Finnish traditional party held to anticipate Christmas

Pikkujoulu (Finnish for "little Christmas") is a Finnish traditional party held to anticipate Christmas. The Pikkujoulu party is non-formal, highly festive, and themed after Christmas. Pikkujoulu parties are held by various communities, organisations, companies, or just among friends. Not to be compared with Lilla jul, the latter of which is annually celebrated the Saturday before 1st advent. Lilla jul is celebrated by the Swedish-speaking population of Finland.

==Description==
Pikkujoulu differs from Christmas as more free-form and less religious. Traditionally, Pikkujoulu is a day when Christmas dishes are served for the first time. These include rice pudding with fruit. The most traditional Pikkujoulu drink is called "glögi" (the Finnish equivalent of the German Glühwein or mulled wine), which can be served with or without alcohol. Glögi is made of hot juice or red wine and spiced with cinnamon, ginger, clove, raisins, and almonds.

For entertainment, there are festive speeches often followed by jokes or humorous sketches, after which, mock awards are given out. Song books are then passed out and happy Christmas hits are sung in Finnish, English, or Swedish. Christmas karaoke has become quite popular, and any performer will garner applause, no matter how unpleasant they may sound. There could also be a band, stand-up comedian, magician, or funny play. Every Pikkujoulu celebration has a Santa Claus giving out little gag gifts.

In 2011, the Pikkujoulu Christmas parties around Helsinki, Finland caused 400 police calls on the same night.
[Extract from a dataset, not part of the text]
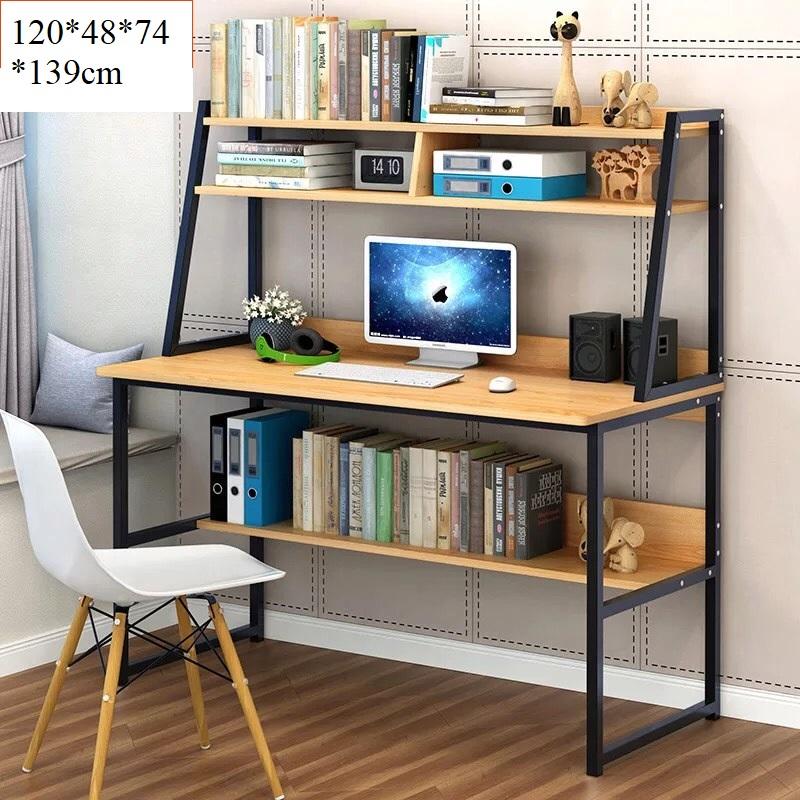 Bàn học và làm việc kèm giá sách kích thước 120x48x74x139cm (vàng đen) - (BQ373-VANGDEN)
Helsinki police attributed the high number of calls to alcohol consumption.

The Finnish Pikkujoulu is similar to other Nordic pre Christmas traditions, such as the Norwegian julebord and Swedish julbord. In recent years some Norwegians have started to adapt their julebord to the Pikkujoulu, washing out the differences between these Nordic pre Christmas traditions.

==History==
Pikkujoulu is based on the Advent: the Advent signified the waiting for Jesus Christ and the fasting, which ended on Christmas. In the 19th century, the Advent was sometimes called "the little Christmas", i.e. Pikkujoulu. The tradition originates from Germany and Sweden in the 1800s, before being taken up by Finnish students.

The proper Pikkujoulu tradition started in Helsinki after World War I. The basis for the party was "Christmas tree parties" held in schools. The supper parties held at the end of autumn by student nations gradually formed into the modern Pikkujoulu. Pikkujoulu parties started by student nations grew out to other communities in the 1930s. Before World War II, the parties were sometimes called "porridge parties".

The private family Pikkujoulu is probably based on a tradition stating that the nameday of Tuomas, 21 December, is the first day when tasting home-made beer is allowed. In Sweden, the Tuomas nameday evening is called Lilla jul ("little Christmas"). In time, the tradition evolved to the Saint Lucy's Day celebration, which still resembles the Finnish Pikkujoulu.